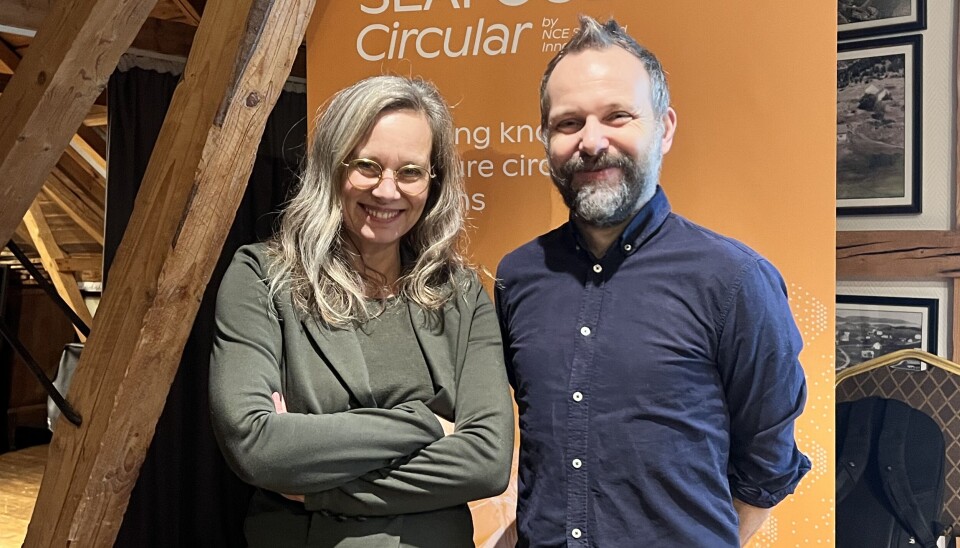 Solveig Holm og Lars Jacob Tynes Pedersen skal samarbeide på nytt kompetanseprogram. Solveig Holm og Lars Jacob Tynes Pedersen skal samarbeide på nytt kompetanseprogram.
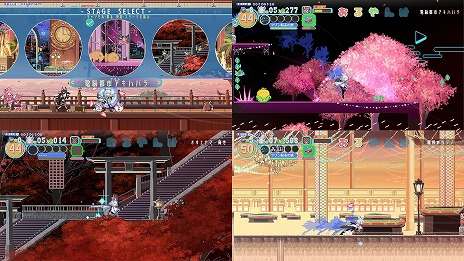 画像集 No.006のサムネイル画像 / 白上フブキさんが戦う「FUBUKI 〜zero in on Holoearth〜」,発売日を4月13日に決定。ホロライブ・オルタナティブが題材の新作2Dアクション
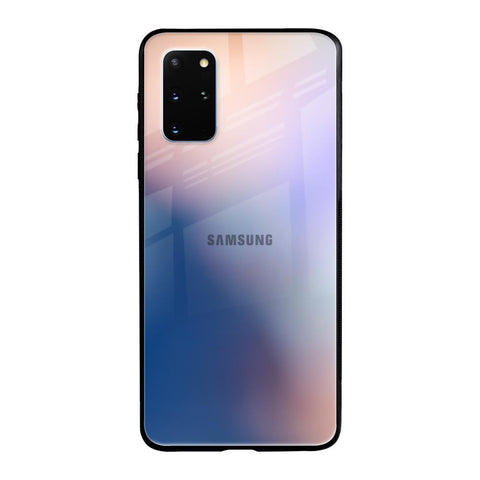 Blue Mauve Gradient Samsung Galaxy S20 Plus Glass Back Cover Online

==

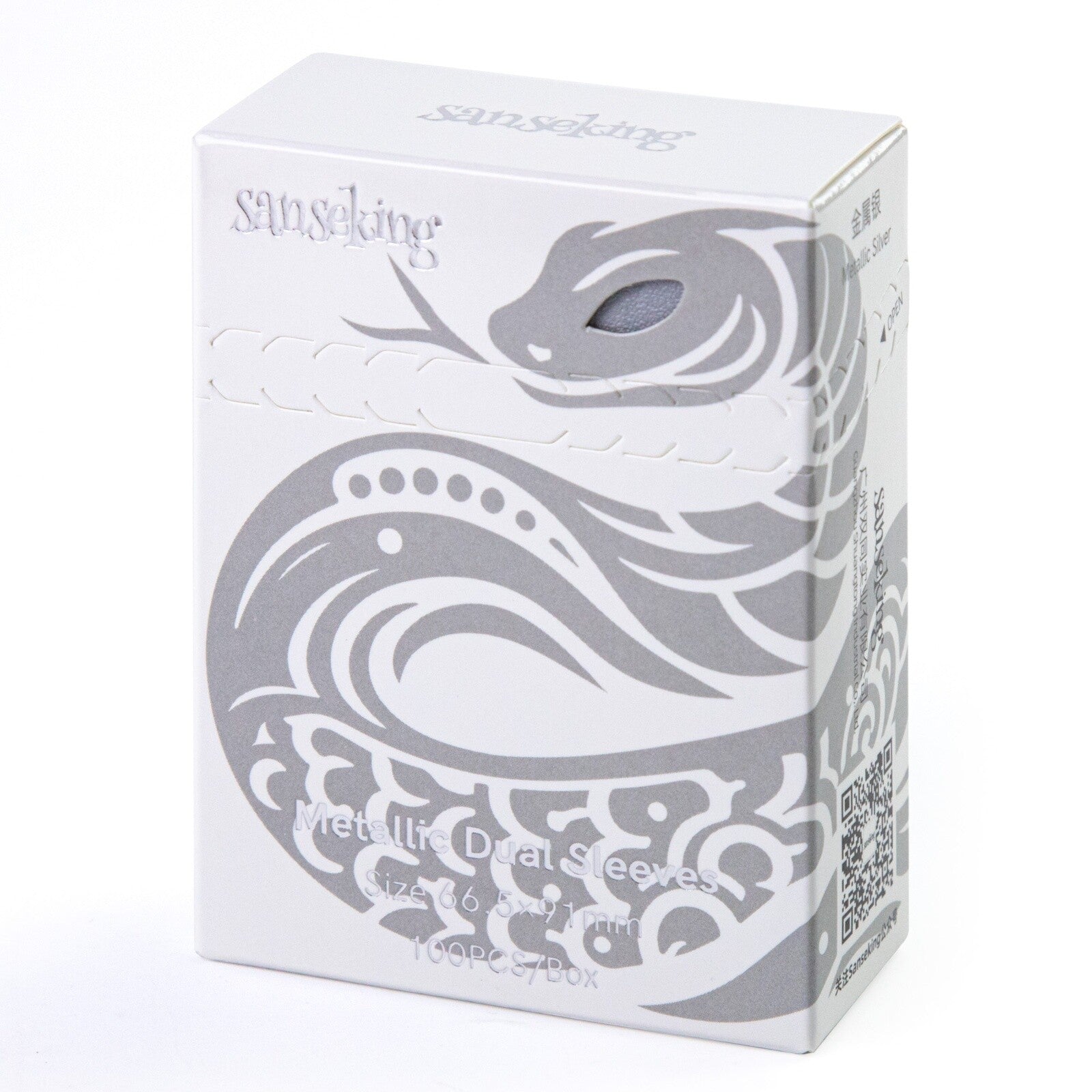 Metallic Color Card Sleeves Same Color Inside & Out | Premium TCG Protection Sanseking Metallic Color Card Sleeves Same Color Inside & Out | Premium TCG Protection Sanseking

--

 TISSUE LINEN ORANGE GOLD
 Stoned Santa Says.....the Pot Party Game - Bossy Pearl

#### [BRIEF]
From the records above, write out exactly the lines that begin at the line with "画像集 No.006のサムネイル画像 /" and end at the line with "Blue Mauve Gradient". Pictures must not appear in the output.

#### [TASK OUTPUT]
 画像集 No.006のサムネイル画像 / 白上フブキさんが戦う「FUBUKI 〜zero in on Holoearth〜」,発売日を4月13日に決定。ホロライブ・オルタナティブが題材の新作2Dアクション
 Blue Mauve Gradient Samsung Galaxy S20 Plus Glass Back Cover Online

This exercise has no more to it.